The most brilliantly-titled film of the year sees UK comedy dream team Simon Pegg and Nick Frost reunited for the first time since Hot Fuzz but without their long-time collaborator and friend Edgar Wright in the director’s chair. This time around the boys are working with Greg Mottola, talented director of Superbad and, inevitably, they’ve created a film with a different sort of energy, albeit one which relies on the same chemistry between the two leads which powered the superior Shaun of the Dead (possibly the best British film of the last decade) and Hot Fuzz.
Pegg and Frost are back in familiar territory playing a pair of British sci-fi geeks fulfilling a lifelong dream in attending the legendary Comic-Con in San Diego before renting an RV and setting off on a road trip across America’s UFO heartland. A speeding car careers off the road across their path and out from the wreckage appears Paul, a wise-cracking, foul-mouthed alien in the classic ‘grey’ tradition of all the famous faked alien autopsy footage.

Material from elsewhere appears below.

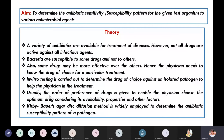Usually, the order of preference of drugs is given to enable the physician to choose the optimum drug, considering its availability, its properties, and other factors. The Kirby-Bauer agar disc diffusion method is widely employed to determine the antibiotic susceptibility pattern of a pathogen.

Paul’s on the run and our two heroes find themselves rushing across the States with Men in Black in hot pursuit determined to track down the escaped extra-terrestrial.
It’s good to see Pegg and Frost back on screen (in a script they co-wrote) not only because they work so well together but also because they seem to do their best work together. Pegg’s solo work can be hit and miss; for every Run Fatboy Run there’s a stinker like Burke and Hare and his misjudged comic interpretation of Scotty in the first new Star Trek movie threatened to unbalance a decent reinvention of a stodgy franchise. Frost is scarcely leading man material but he offers up decent support in films such as the otherwise dire Boat That Rocked and the recent Attack the Block and gave a good account of himself in Money on BBC2 last year. But the on-screen partnership created in TV’s Spaced is where the magic really happens and they’re both on top form in Paul where they only slightly compromise their comic sensibilities for a broader American audience in a mainstream American movie.

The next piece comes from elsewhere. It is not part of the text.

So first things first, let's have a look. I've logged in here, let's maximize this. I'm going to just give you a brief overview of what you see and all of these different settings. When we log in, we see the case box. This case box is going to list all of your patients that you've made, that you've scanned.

Paul is clearly a labour of love for Pegg and Frost, allowing them to slip easily back into their preferred nerdy sci-fi fan boy personas and their script is littered with references to the most influential SF films of the last thirty years from Star Wars, Aliens and Close Encounters via a cheeky recreation of a famous cheesy scene from the original Star Trek TV series. Some of the running gags are more obvious and less subtle but the film never slips too far into American Pie crudity despite the inevitable strong language and some of Paul’s gross-out behaviour. Paul himself is a masterpiece of special effects, CGI so convincing that it’s easy to forget that he generally didn’t exist as a physical presence during the filming. The animation is flawless and intricately-detailed with Seth Rogen’s vocal performance giving a potentially-unattractive character a real warmth and, ironically, real humanity.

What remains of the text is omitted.